> [What the task requires]
What you give back from the listing below should be an exact copy of the lines from the one with "As you can see, it's" down to the one with "It is the Benchmade", and it should contain no pictures.

> [Data for the task]
◆ ◆ ◆ ◆ ◆ ◆ ◆

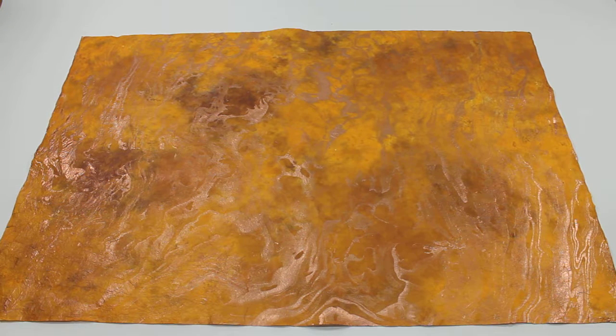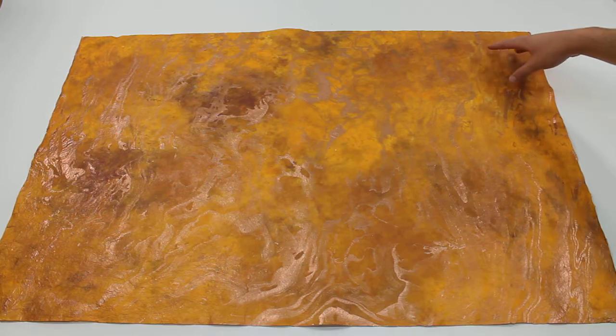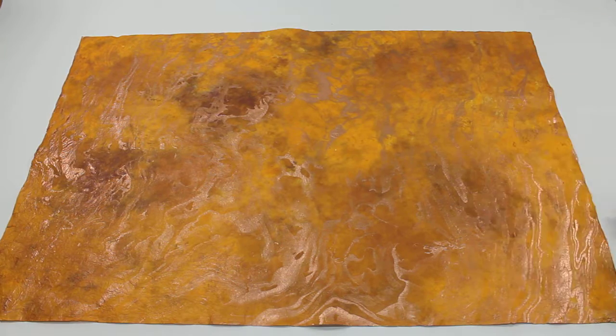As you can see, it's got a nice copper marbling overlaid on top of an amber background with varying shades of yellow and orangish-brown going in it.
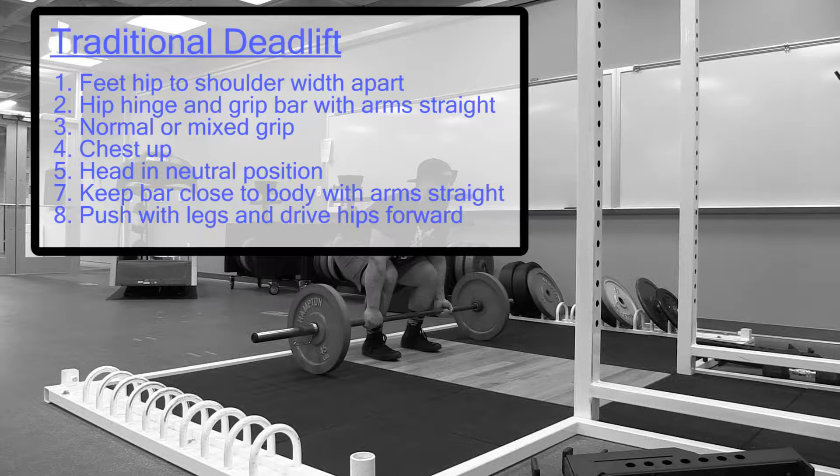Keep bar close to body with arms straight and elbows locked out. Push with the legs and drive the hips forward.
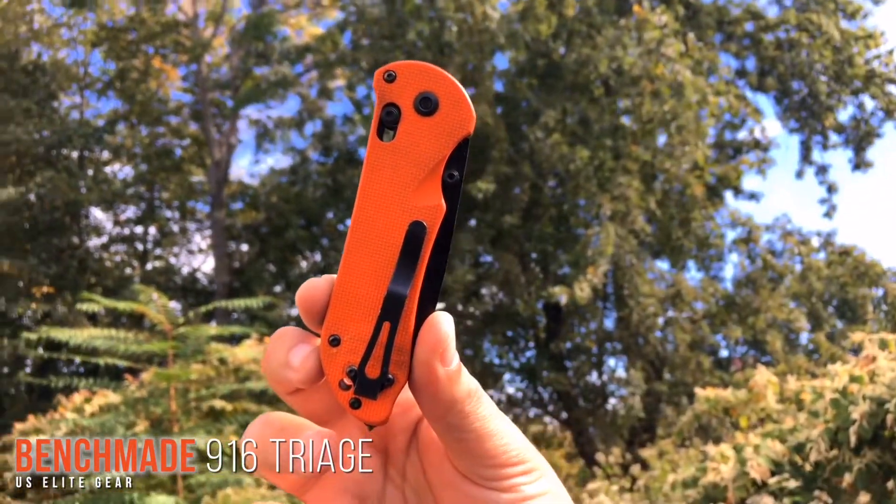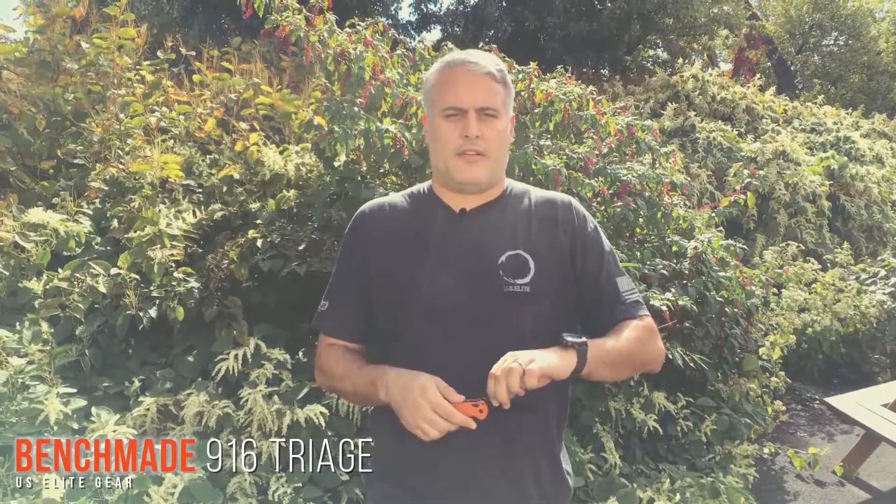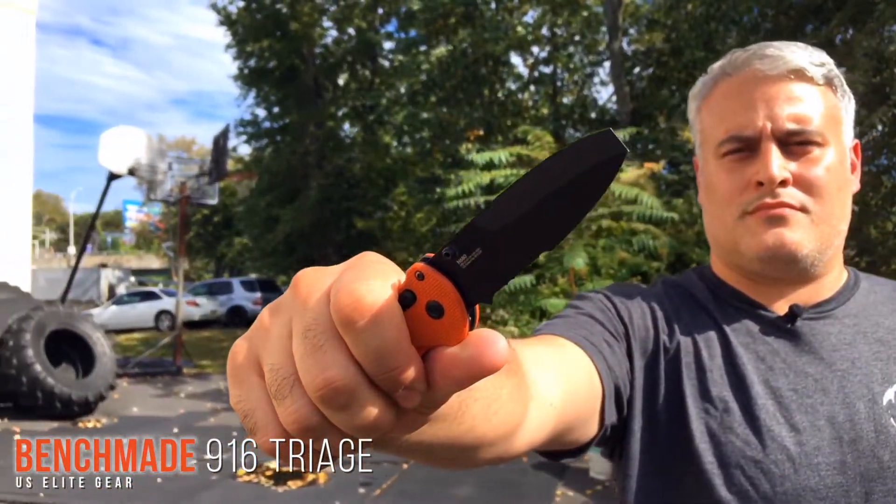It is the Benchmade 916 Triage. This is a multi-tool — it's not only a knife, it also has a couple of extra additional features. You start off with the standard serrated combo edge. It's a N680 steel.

◆ ◆ ◆ ◆ ◆ ◆ ◆

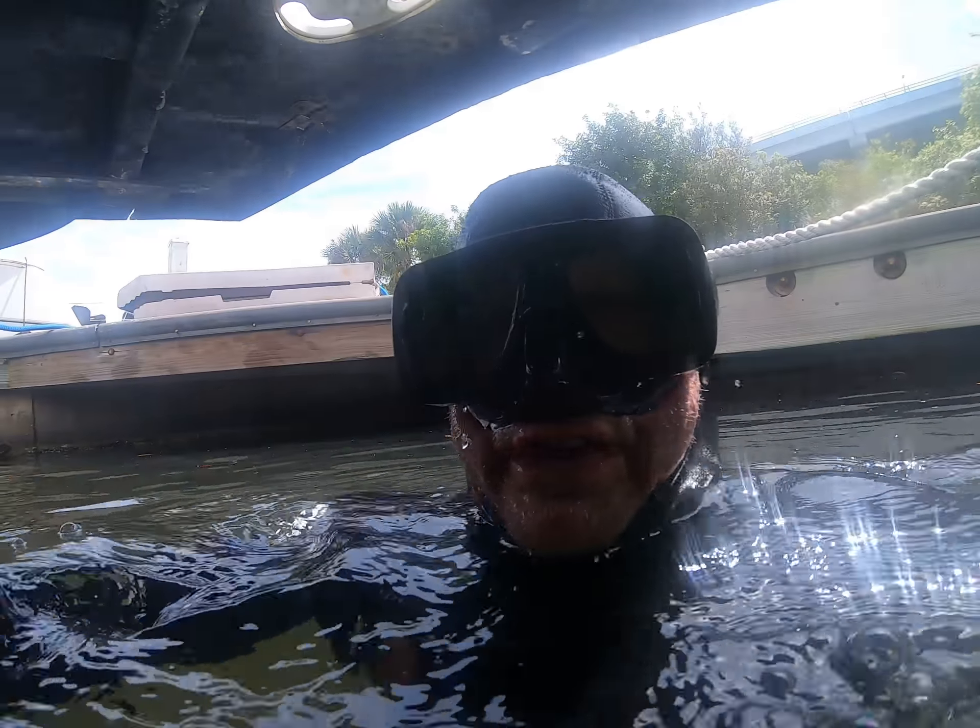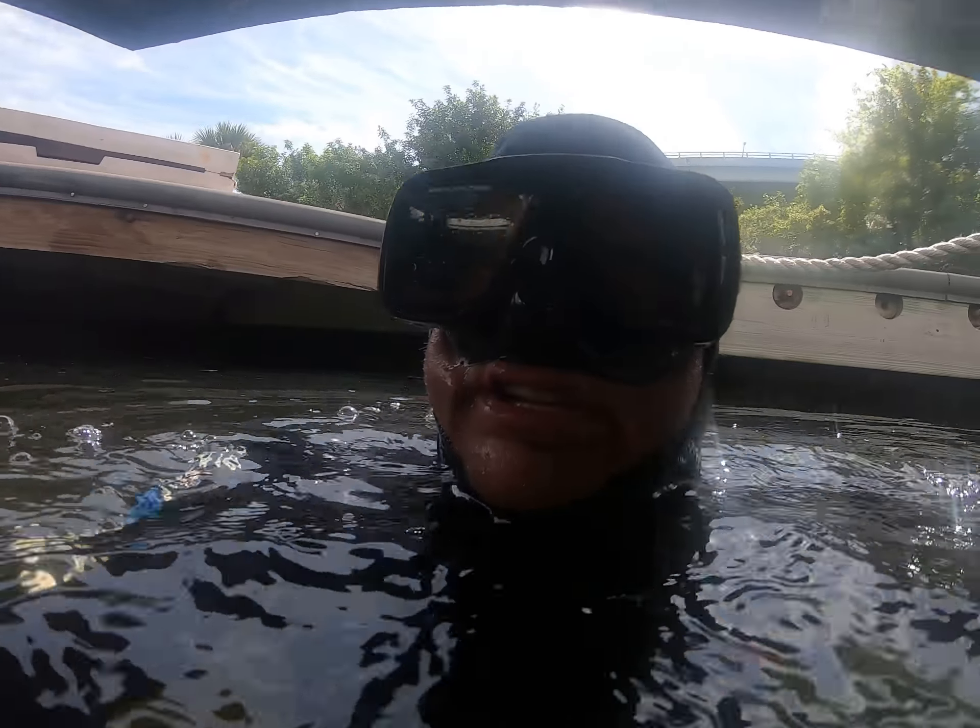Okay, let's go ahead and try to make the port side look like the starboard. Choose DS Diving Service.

◆ ◆ ◆ ◆ ◆ ◆ ◆

> [Exercise solution]
As you can see, it's got a nice copper marbling overlaid on top of an amber background with varying shades of yellow and orangish-brown going in it.
Keep bar close to body with arms straight and elbows locked out. Push with the legs and drive the hips forward.
It is the Benchmade 916 Triage. This is a multi-tool — it's not only a knife, it also has a couple of extra additional features. You start off with the standard serrated combo edge. It's a N680 steel.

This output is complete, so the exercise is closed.